Oil prices surged to a four-year high on March 8, with Brent futures jumping 18% to about $108 and WTI climbing 20% to a similar level. This marked the first time prices had breached $100 per barrel since Russia's full-scale invasion of Ukraine in 2022.

The driver was the escalating U.S.-Israeli war with Iran, which began on February 28. Iran's closure of the Strait of Hormuz-a chokepoint for 20% of global oil-prompted immediate production cuts from key Middle Eastern exporters like Iraq and Kuwait. The market's immediate reaction was a sharp sell-off in equities, with Dow futures dropping 900 points on the news.

The Policy Counter-Move: G7 Reserve Release

The G7 is moving to counter the price spike with a coordinated physical supply response. Finance ministers are set to discuss a joint release of petroleum from emergency reserves, a move coordinated by the International Energy Agency to directly inject barrels into the market.
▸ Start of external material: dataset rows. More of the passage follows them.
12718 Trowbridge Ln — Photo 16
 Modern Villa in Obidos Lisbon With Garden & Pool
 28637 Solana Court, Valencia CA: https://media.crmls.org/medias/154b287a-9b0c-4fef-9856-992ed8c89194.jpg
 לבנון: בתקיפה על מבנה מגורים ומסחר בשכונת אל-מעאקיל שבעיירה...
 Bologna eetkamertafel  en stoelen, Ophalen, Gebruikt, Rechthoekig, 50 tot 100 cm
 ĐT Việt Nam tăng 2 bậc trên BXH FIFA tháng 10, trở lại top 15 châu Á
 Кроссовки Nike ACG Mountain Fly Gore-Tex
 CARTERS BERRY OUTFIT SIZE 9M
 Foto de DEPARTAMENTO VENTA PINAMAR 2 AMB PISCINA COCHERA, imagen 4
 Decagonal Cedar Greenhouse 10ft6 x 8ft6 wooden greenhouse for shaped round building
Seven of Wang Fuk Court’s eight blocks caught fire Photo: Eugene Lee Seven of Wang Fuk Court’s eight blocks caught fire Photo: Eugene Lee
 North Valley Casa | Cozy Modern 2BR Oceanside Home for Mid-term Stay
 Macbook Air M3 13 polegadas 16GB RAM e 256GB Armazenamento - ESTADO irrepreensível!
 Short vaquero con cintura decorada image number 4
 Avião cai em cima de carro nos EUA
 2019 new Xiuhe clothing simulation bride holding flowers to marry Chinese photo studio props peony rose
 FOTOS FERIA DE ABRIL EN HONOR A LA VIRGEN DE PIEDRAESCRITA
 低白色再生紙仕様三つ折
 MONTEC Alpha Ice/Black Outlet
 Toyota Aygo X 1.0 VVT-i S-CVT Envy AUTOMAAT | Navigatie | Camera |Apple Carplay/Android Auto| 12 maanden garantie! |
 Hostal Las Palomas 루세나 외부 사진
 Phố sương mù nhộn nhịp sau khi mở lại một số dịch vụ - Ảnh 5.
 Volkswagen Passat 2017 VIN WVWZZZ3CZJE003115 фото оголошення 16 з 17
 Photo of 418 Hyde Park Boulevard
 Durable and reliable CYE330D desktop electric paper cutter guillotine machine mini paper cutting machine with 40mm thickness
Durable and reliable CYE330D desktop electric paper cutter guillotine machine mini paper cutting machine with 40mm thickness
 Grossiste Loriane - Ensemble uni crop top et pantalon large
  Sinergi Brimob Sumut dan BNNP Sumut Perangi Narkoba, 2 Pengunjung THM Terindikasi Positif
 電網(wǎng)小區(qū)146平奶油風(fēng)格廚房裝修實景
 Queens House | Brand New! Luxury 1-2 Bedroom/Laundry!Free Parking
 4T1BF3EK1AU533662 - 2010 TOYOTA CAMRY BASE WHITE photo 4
The U.S. is also deploying financial and trade tools to ease pressure. It has granted waivers allowing Indian refiners to buy Russian crude, helping to offset Middle Eastern supply cuts. Simultaneously, the Treasury is considering potential intervention in the oil futures market-a rare step to blunt price swings through financial channels.

This policy push faces a rift in Western unity. The European Union's plan to block Russian oil services has stalled, with the U.S. refusing support. While other G7 members expressed openness, they stopped short of firm commitments, leaving the coordinated sanctions effort incomplete.

The Path to a Decline: Catalysts and Scenarios

The primary catalyst for a price drop is the planned G7 reserve release, which would directly increase supply into a market already showing signs of a surplus. J.P. Morgan Global Research sees Brent crude averaging around $60/bbl in 2026, a forecast underpinned by soft supply-demand fundamentals where global oil supply is set to exceed demand. This base case suggests that even after the recent spike, underlying pressure will cap prices unless producers slash output.

Key risks could derail this path. A prolonged Middle East conflict could force major producers like Saudi Arabia and the UAE to cut output, potentially delaying a supply response and sustaining elevated prices. The other major risk is a failure of the G7 to act, which would leave the market reliant on a slower, market-driven rebalancing. In that scenario, the recent spike could persist longer.

The bottom line is a volatile transition. The spike to over $100 was a short-term shock, but the longer-term outlook points to a grind toward the $60 neighborhood. The market's trajectory hinges on whether the coordinated policy response succeeds in flooding the system with barrels before a supply crunch becomes entrenched.